Central Portugal holidays

Varied, historic, compact and accessible, The Centro region is a traveller’s delight. From glacial valleys to lush green mountains, painted wooden boats to the baroque extravaganza of Manueline churches, urban canals and never-ending sand-dunes, citadels perched on hills and the black slate of village roofs, Centro manages to gather such contrasts and bind them together.

In the 12th and 13th centuries Coimbra was once the capital of the whole country and still exudes a certain dignified stateliness within the confines of its Old Town. With a royal palace at its summit and home to one of the oldest universities in Europe, the city is dominated by the energy of its 25,000 students. Historically one of Portugal’s main artistic centres, the tradition is continued in the medieval winding alleys, dotted with studios and bars, and in the excellence of the new museum of Machado de Castro. In Coimbra, unusually, the lament of fado is sung by men. The Baroque University library, populated by bats that deal with the insects that might damage the books, is of exceptional interest.

Nearby, at Conimbriga, are some of the best preserved of all Roman ruins. City walls, paved roads, lines of columns and spectacular mosaics can be viewed away from the tourist mass. One of the great delights of Portugal in general is that it contains so many interesting locations and so much history and yet remains somehow “unknown” to the majority of holidaymakers. Unlike other destinations, there is always the chance that you will feel you have discovered somewhere special, all on your own.

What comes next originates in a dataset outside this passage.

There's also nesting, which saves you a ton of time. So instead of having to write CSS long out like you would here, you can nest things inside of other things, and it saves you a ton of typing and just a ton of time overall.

Fortified town of Sortelha, Central Portugal

Holidays In Central Portugal

To the east of the pilgrimage town of Fatima, for instance, stands the extraordinary Convento de Cristo, at Tomar.  Built in the 12th century as a monastic fortress against the Moors, it is both formidable and theatrical. The base of the Knights Templar in Portugal, its original church copies the Church of the Dome in Jerusalem. Despite the Templars falling out of favour with the Pope on account of their wealth and ambitions, they were protected here by King Dinis and under Henry the Navigator became the engine-room behind the Age of Exploration. Gargoyles, cloisters, Manueline embellishments, intricate stonework, exquisite tiling, and glorious views contribute to a unique building.

50 kms east of the Atlantic coast, surrounded by mountains, is the delightful hill-top town of Viseu, with its narrow streets, many churches, and splendid Romanesque-Gothic Cathedral dating from 830 A.D. The Cathedral square is one of the most impressive in the country. The Grao Vasco Museum houses the colourful works of the 16th century painter Vasco Fernandes.

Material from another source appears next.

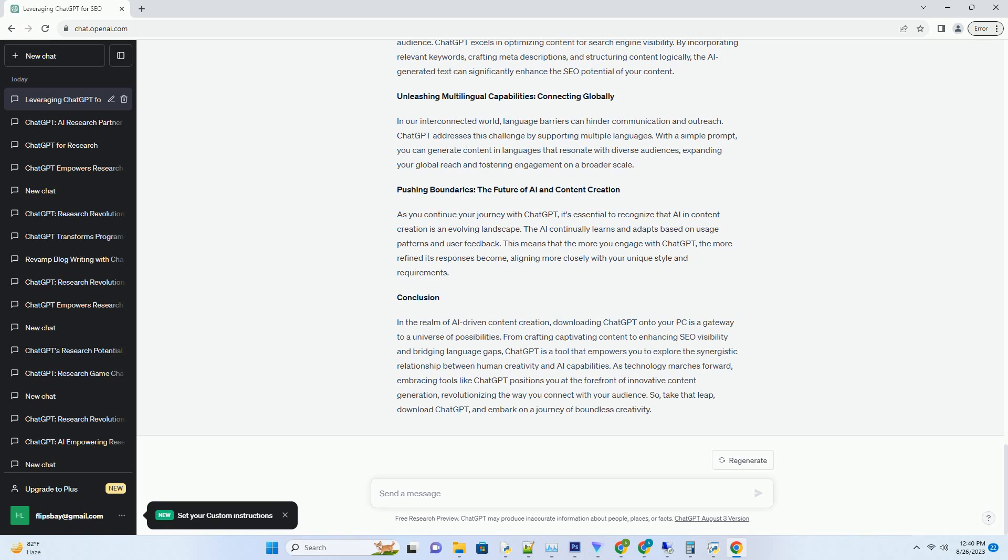Begin by providing a clear and concise direction for your content. Whether it's a blog post, a marketing copy, or even a piece of code, ChatGPT can generate human-like text that aligns with your intentions.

Known as the “City of the Water”, Aveiro is crisscrossed by canals, which are used by the unique wooden boats called Moliceiro that originally transported “molico” (ria vegetation), goods and cattle.  Small of draught, with tall masts and helm, they are propelled at first by a long wooden pole. Their most distinctive feature is their wonderfully painted helms, shaped like half-moons. These are true folk art, and can be seen en masse during the Regatta that takes place between Torriero and Aveiro. A network of Buga bikes (which are free to use) provides another way to explore the Art Nouveau buildings and tiled houses of this busy port city.

Throughout the region, hidden villages nestle amidst the green hillsides. Each season has its own character, cold and wet in winter, very hot in summer. In spring, magnolias blossom and there are a multitude of majestic linden trees. To the east, the pine forests of Serra da Estrela are part of the highest mountain range in the country, laced with streams, waterfalls and lagoons, and rich in wildflowers and birdlife. Nearby, the medieval fortified towns of Almeida and Belmonte guard against the incursions of old Spain.

Easy to negotiate by car or train, Centro has a wealth of subtle attractions.

Fortifications
Fortified towns and castles line the Spanish border. Some of the most impressive can be found at Belmonte, Castelo Mendo, Castelo Rodrigo, Guarda and Almeida.

Geopark Naturtejo
This designated UNESCO Geopark, incorporating Proenca-A-Nova and Castelo Branco, is popular with walkers and cyclists. The Geopark is famous for its fossils and the extraordinary village of Monsanto, built amongst giant granite boulders.

Prehistoric Rock-Art
The Prehistoric Rock-Art sites in the Coa Valley date from the Upper Paleolithic (22,000–10,000 BC) and are considered a masterpiece of prehistoric art. They were discovered in the late 1980s and inscribed on UNESCO’s World Heritage list in 1998.

Obidos Chocolate Festival (10 Mar - 02 Apr)
Sample a variety of sweets and cakes; admire chocolate sculptures and watch competitions involving culinary professionals.

Burning of the Ribbons (8th - 13th May)
Dating back through the centuries, this academic tradition takes place in Coimbra, Portugal’s oldest university town.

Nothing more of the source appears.